Actress Madhuri Dixit Nene talks about her biopic, social media inspiration and why this is the best time for actresses to be working in the industry.
Dhak Dhak girl Madhuri Dixit Nene is one of those evergreen superstars who seem to glide from era to era, unchanged by time or circumstance. Her Ek Do Teen became the anthem of the late 80s, in the 90s she pulled at our heartstrings with films like Dil Toh Pagal Hai, Hum Aapke Hain Koun, Anjaam and others, while the 2000s saw her embody strong women in films like Lajja, Devdas, Dedh Ishqiya, Gulaab Gang among others. But the actress continues to push the envelope, be it by foraying into Marathi cinema, as she did in 2018 with Bucket List, stepping into the world of dance reality shows or by bolstering her social media presence.
Her over 30-years-and-running presence in the industry makes her the perfect candidate for a biopic, and rumours were rife that the actress was indeed in talks over one. Sadly, the actress tells us that there isn’t a grain of truth in these reports. “It is a rumour. It’s too early and there are a lot of things I want to do with my life,” she insists and adds that she is doing her best to keep abreast with the changing times. “I try to be relatable, so that people from all generations know me. I think the kind of films you do is also important to acquire fans. You have to move with the times,” she says.

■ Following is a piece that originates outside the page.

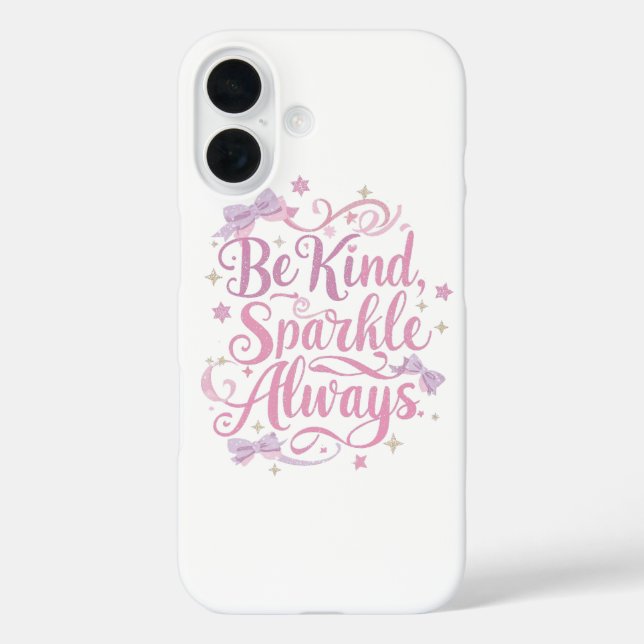 Elegant Pink and Purple Sparkle Script iPhone 16 Hülle (Rückseite)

Though the actress that been ruling the success chart for over three decades, and has essayed many challenging roles effortlessly, we ask her if there is an uncharted role she aspires for. To this, the actress says, “It is not just one particular role but more about the complete film. The way it is written, and directed is important. It is teamwork and if I get a unique offering through a script, I will definitely do it,” confirms the ace dancer. Ask if the audience will get to see her in a horror film anytime soon and she reiterates, “Any subject that excites me will work for me. I’m not picky about genres. If I enjoy the script and the narration of my role, I will do the film.”
While her films have earned the actress millions of fans across the globe, her television association with reality shows has brought her fans much closer to her. And it is this more intimate association that motivates the 52-year-old actress to play judge on dance reality shows. “It is very heartening to see people from different backgrounds, living with limited resources, get a platform to showcase their talent,” says the actress, who was present at the launch of the second season of the dance reality show Dance Deewane.

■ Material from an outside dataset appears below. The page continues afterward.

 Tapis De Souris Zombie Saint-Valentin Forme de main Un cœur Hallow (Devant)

But the dancing queen hasn’t stopped at the small screen as her online dance lessons have been making their way into homes across the world through all types of video-viewing devices for quite a while. Her lessons reach around 209 countries with millions of subscribers. “It’s part of being in this profession.

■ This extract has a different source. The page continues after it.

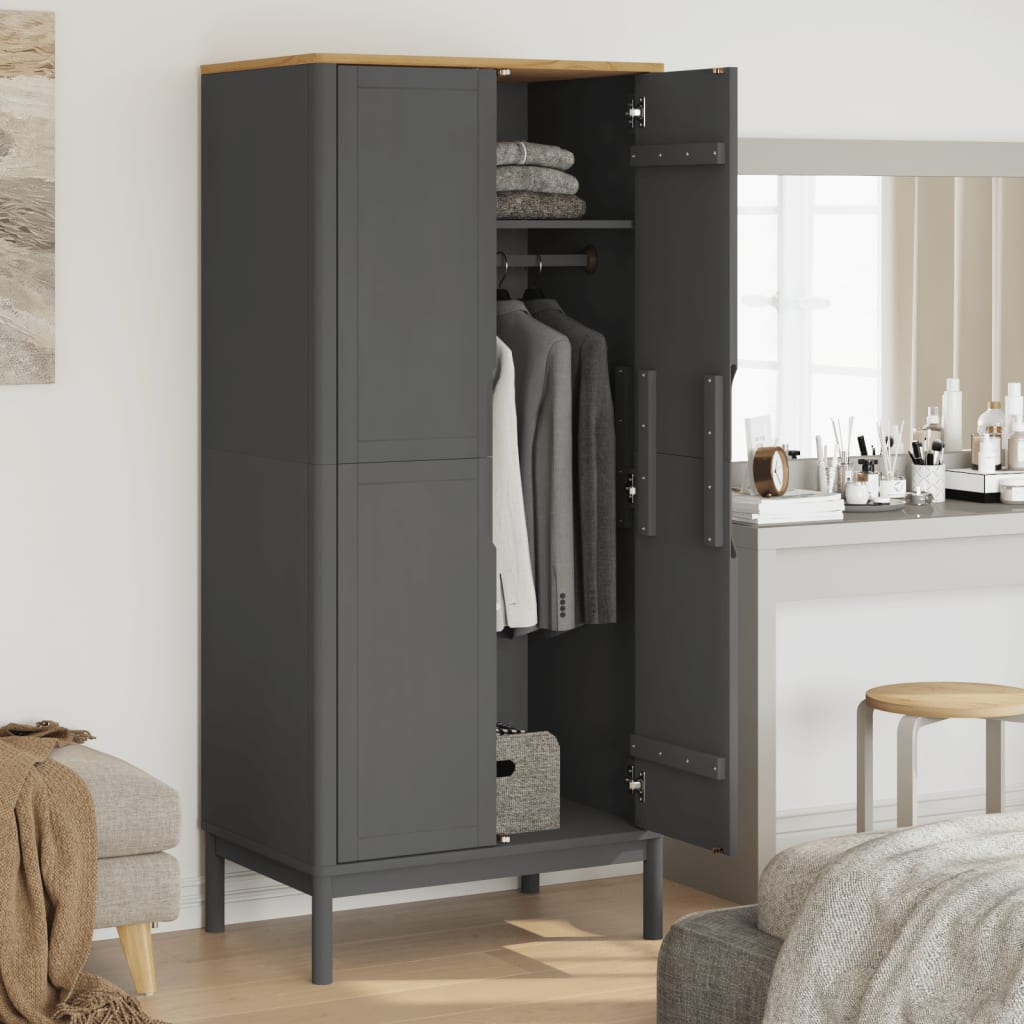 Ormar FLORO sivi 77 x 53 x 171 cm od masivne borovine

I take inspiration from Amitabh Bachchan, how he has adopted it (the online space) so beautifully. So why can’t I do the same,” laughs the actress, and adds, “I have audience around the world. You get to reach and teach more people through the medium.”
Since the actress made her debut way back in Abodh in 1984, we ask her if she too believes what many senior stars do, that filmmaking has changed drastically as a family-like atmosphere has been replaced by corporate-style management. The Tezaab actress tells us that she believes that these changes have brought discipline into filmmaking. “I think times have changed and filmmaking too has changed. I know the time when people used to mortgage their houses to make a film; there was that level of passion. Then came a time when Yashraj Films, Mukta Arts and Rajshri Productions were formed and their business was making films. But with corporate interventions, there is a lot of discipline in the way films are being made. Budgets are tight, films are finished during the decided timeline and actors also have many perks. There wasn’t anything like that before,” she recalls. Anything you miss from that time, we ask. “There used to be more camaraderie, which is missing now because every artist is doing other things as well. I am also doing it,” she says with a smile.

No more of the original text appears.